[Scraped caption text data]
+--
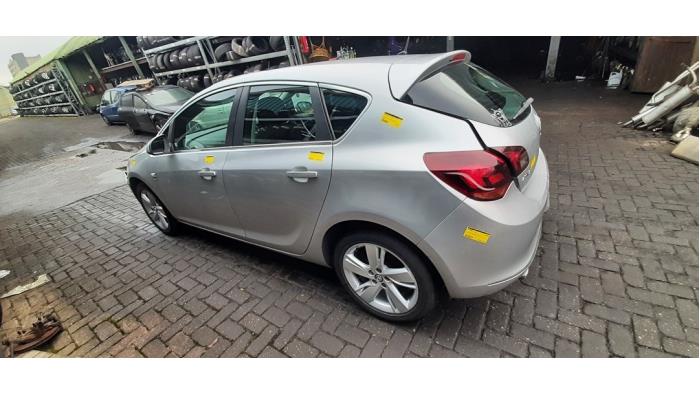 Opel Astra J 1.4 Turbo 16V Sloopvoertuig (2013, Grijs)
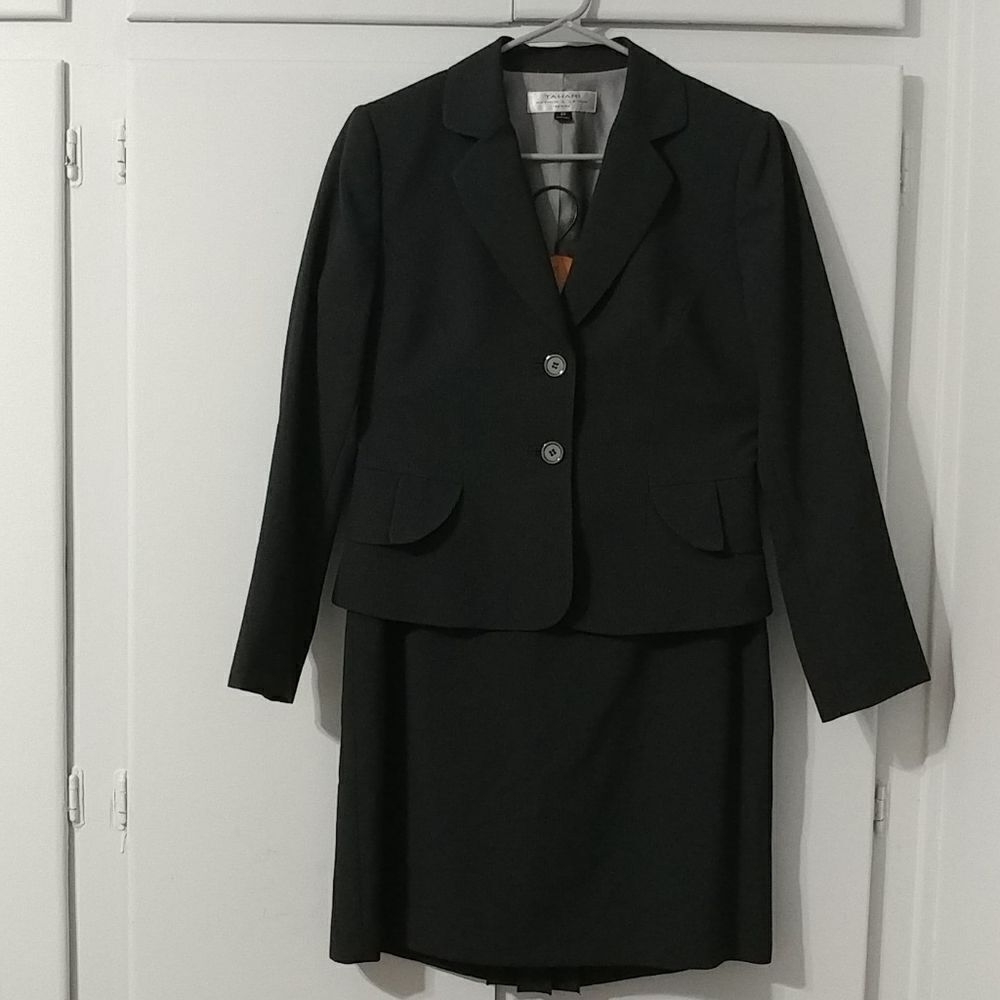 Tahari Petite Suit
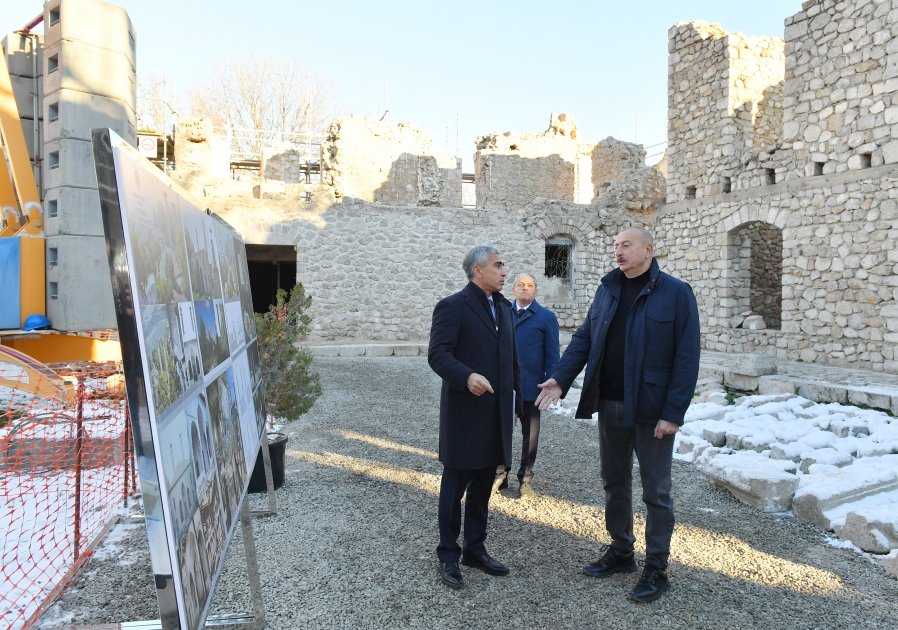 Prezident İlham Əliyev Şuşada Aşağı Gövhər Ağa məscidində aparılan bərpa işləri ilə tanış olub (FOTO/VİDEO) (YENİLƏNİB)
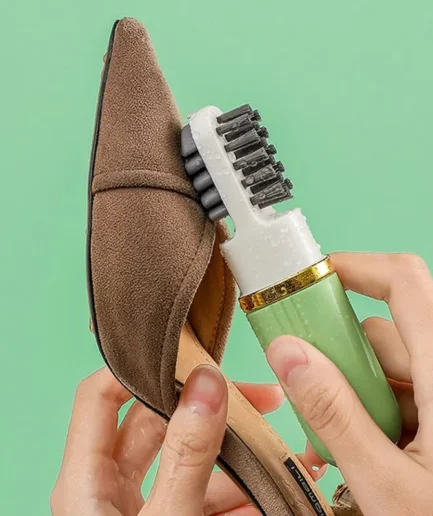 Multifunction Travel Portable Liquid Spray, 2-Sided Rubber Polish Eraser with Soft Bristle Brush (Random color)
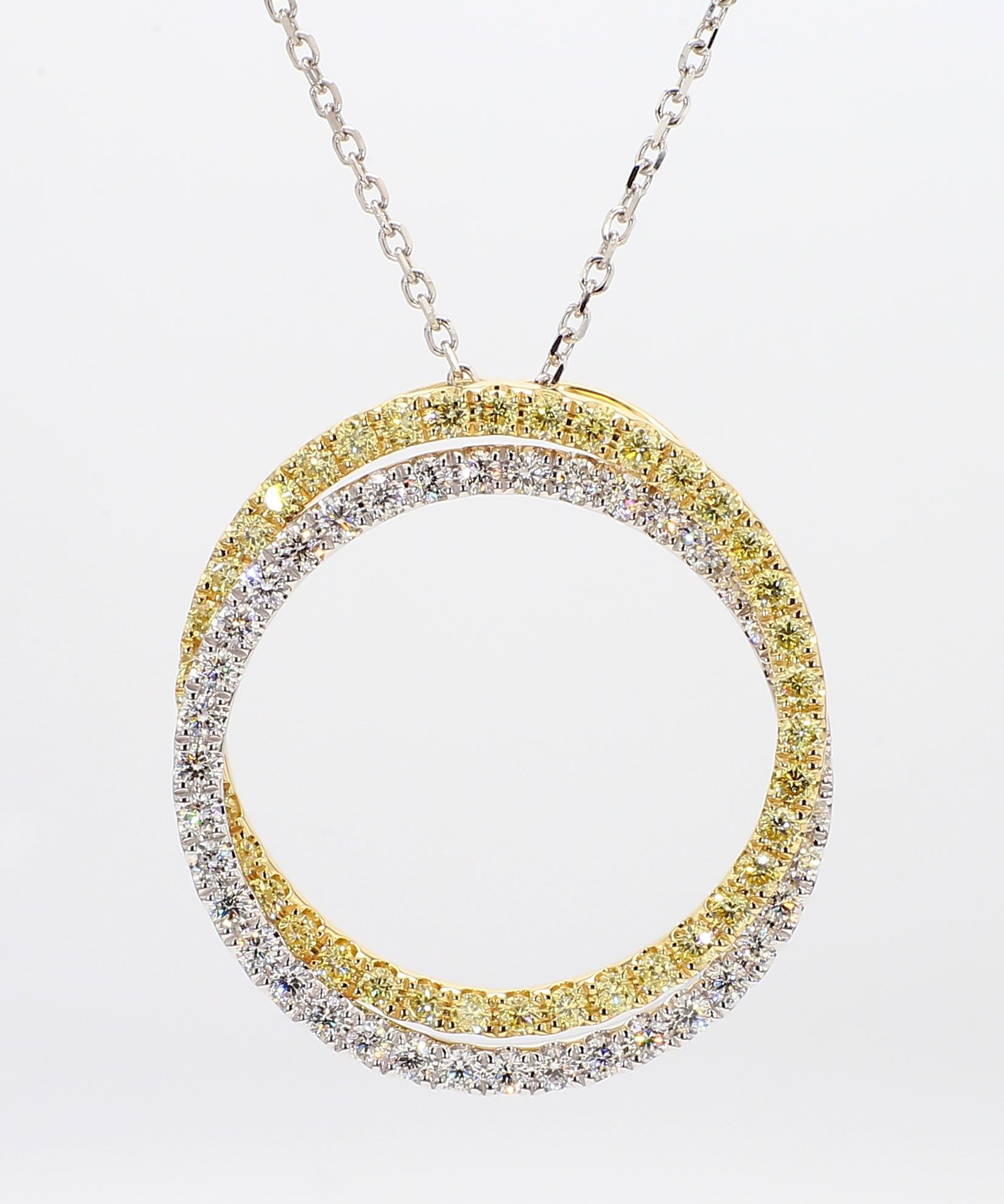 Contemporaneo Ciondolo a forma di cerchio in oro con diamante giallo naturale e bianco da 1.97 carati TW in vendita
+--
YOUR OBJECTIVE: Would you copy, word for word, only the lines above from the one containing "Prezident İlham Əliyev" through the one containing "Multifunction Travel Portable", both included, and please leave out the pictures?

SOLVED EXERCISE:
 Prezident İlham Əliyev Şuşada Aşağı Gövhər Ağa məscidində aparılan bərpa işləri ilə tanış olub (FOTO/VİDEO) (YENİLƏNİB)
 Multifunction Travel Portable Liquid Spray, 2-Sided Rubber Polish Eraser with Soft Bristle Brush (Random color)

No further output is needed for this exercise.